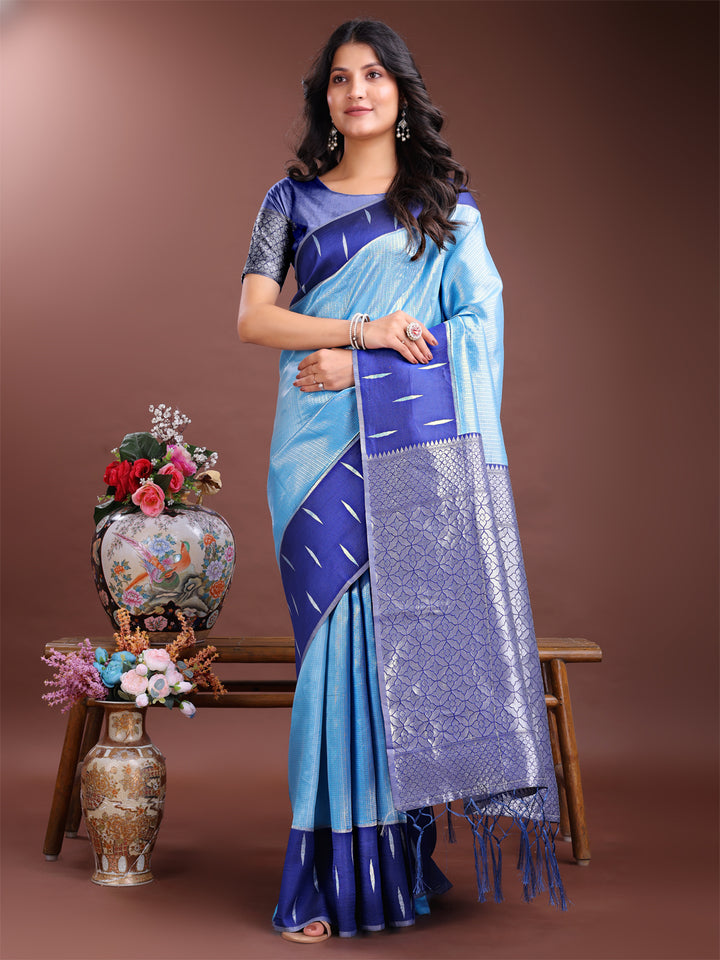 Sky Blue Colour Lichi Silk Saree Weaving Work With Blouse Piece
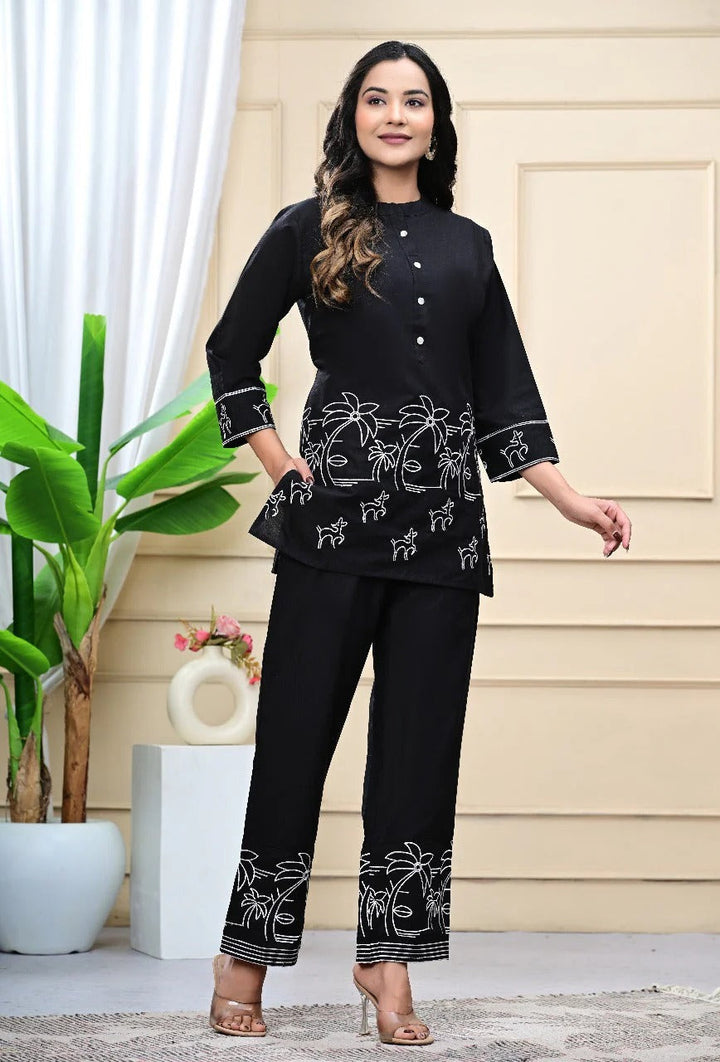 Tropical Noir Cotton Co-ord Set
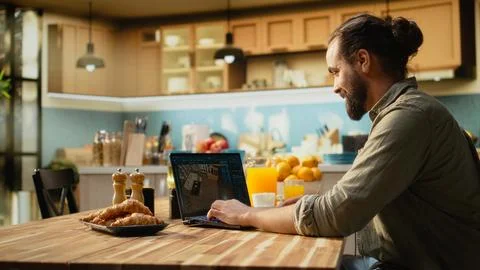 Designer engineer, architectural CAD software, remodeling on laptop Stock Photos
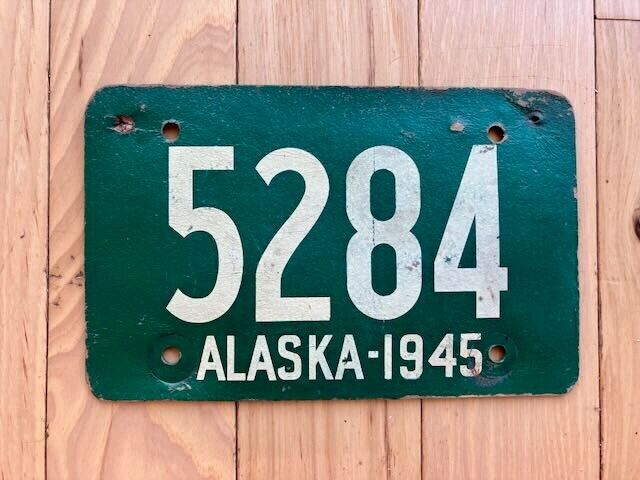 1945 Alaska Fiberboard License Plate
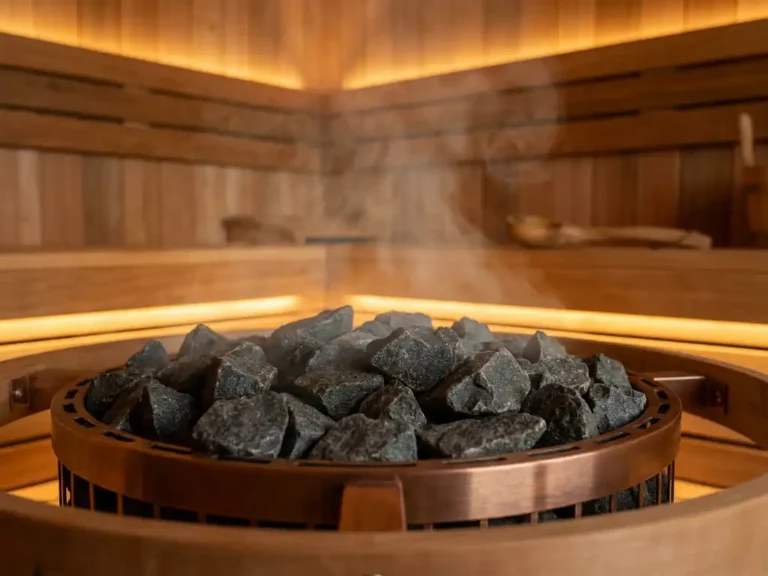 Electric sauna heater loaded with dark volcanic stones, steam rising in a cedar-lined sauna with warm amber lighting and copper accents.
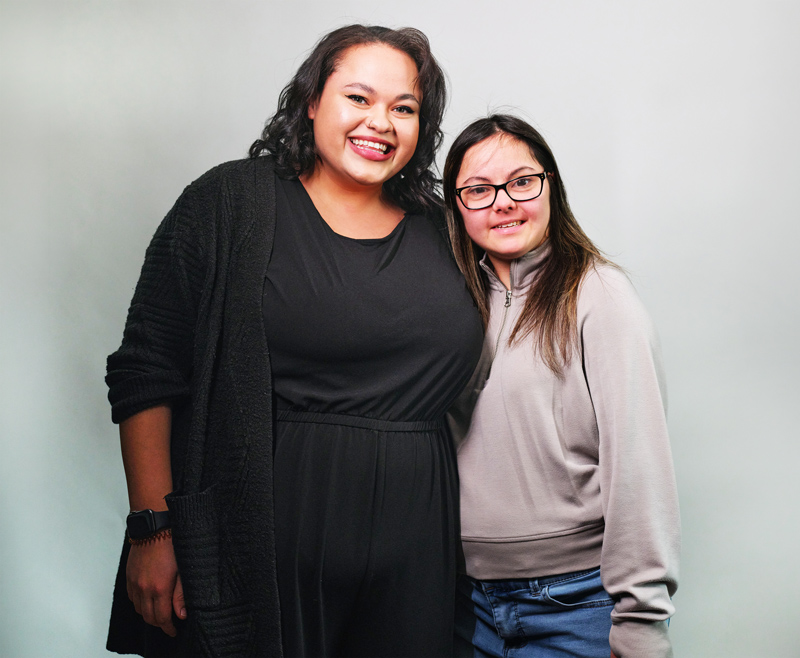 DSP Shayna Stroh with a participant for the #MoreThanWork campaign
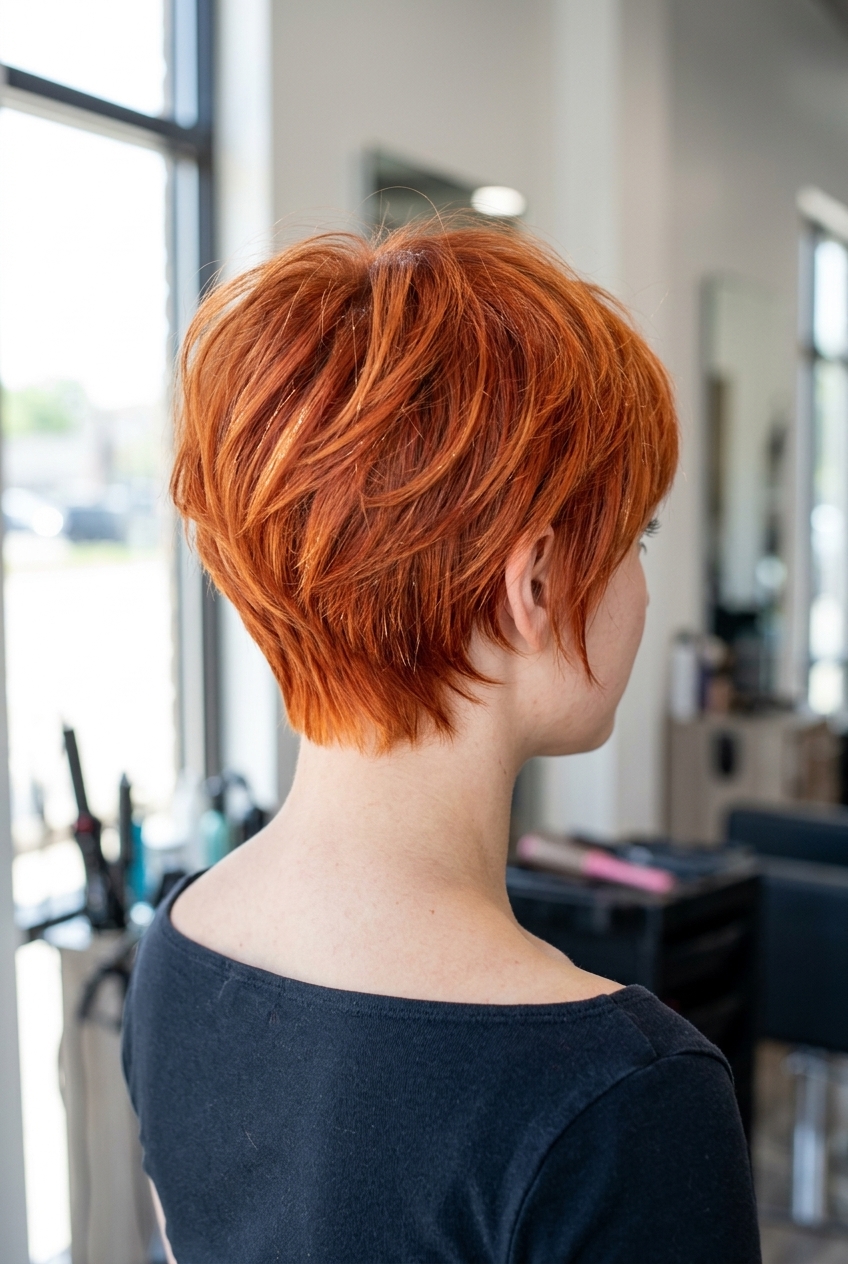 very short layered pixie crop in bright apricot auburn with copper-gold babylights — playful vibrant edgy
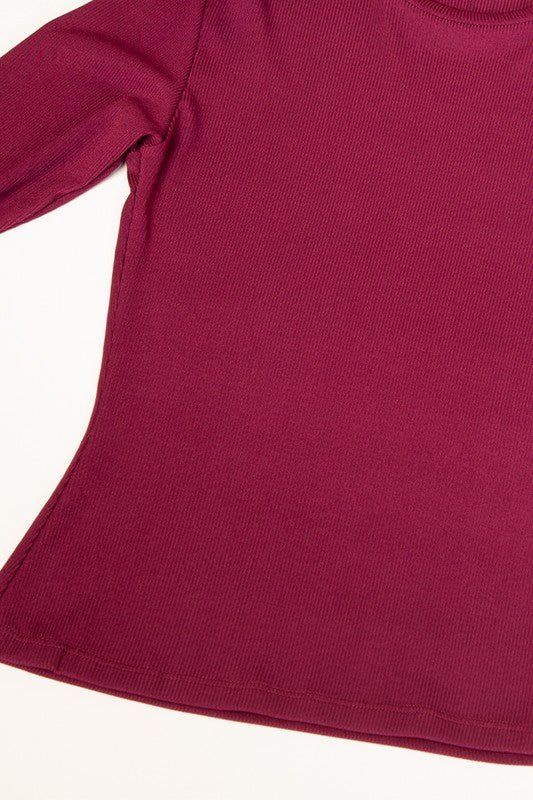 Ribbed Round Neck Long Sleeve Top - Sleekdenim.com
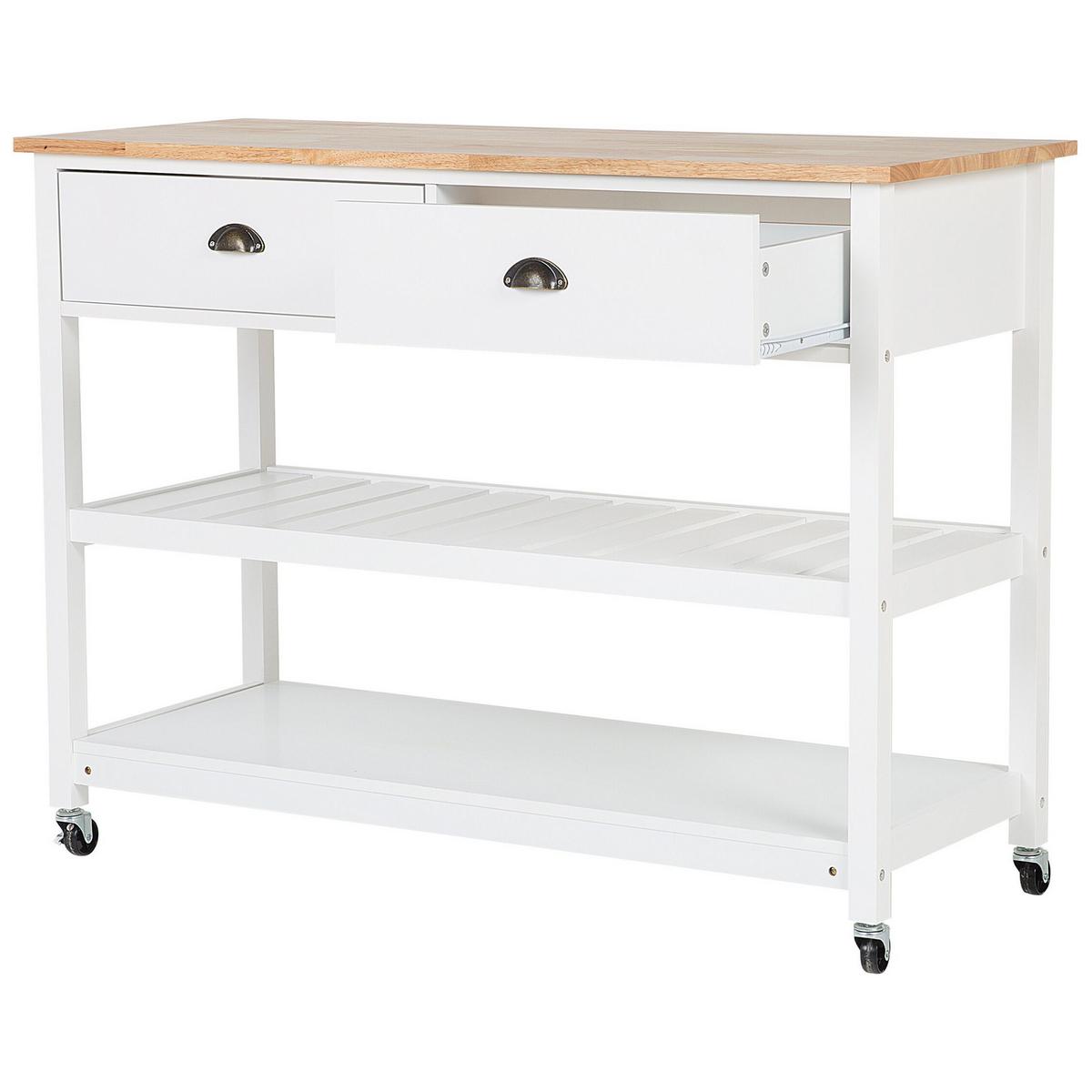 SERVIERWAGEN Weiß Navarino - Hellbraun/Weiß, Holz (120/91/48cm) - Beliani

^^^^^^^^^^^^^^^^

## What is needed
Your answer must be an exact copy of the lines from the one with "Designer engineer, architectural" through the final line of the data, both included, without any pictures.

## Output of the exercise
 Designer engineer, architectural CAD software, remodeling on laptop Stock Photos
 1945 Alaska Fiberboard License Plate
 Electric sauna heater loaded with dark volcanic stones, steam rising in a cedar-lined sauna with warm amber lighting and copper accents.
 DSP Shayna Stroh with a participant for the #MoreThanWork campaign
 very short layered pixie crop in bright apricot auburn with copper-gold babylights — playful vibrant edgy
 Ribbed Round Neck Long Sleeve Top - Sleekdenim.com
 SERVIERWAGEN Weiß Navarino - Hellbraun/Weiß, Holz (120/91/48cm) - Beliani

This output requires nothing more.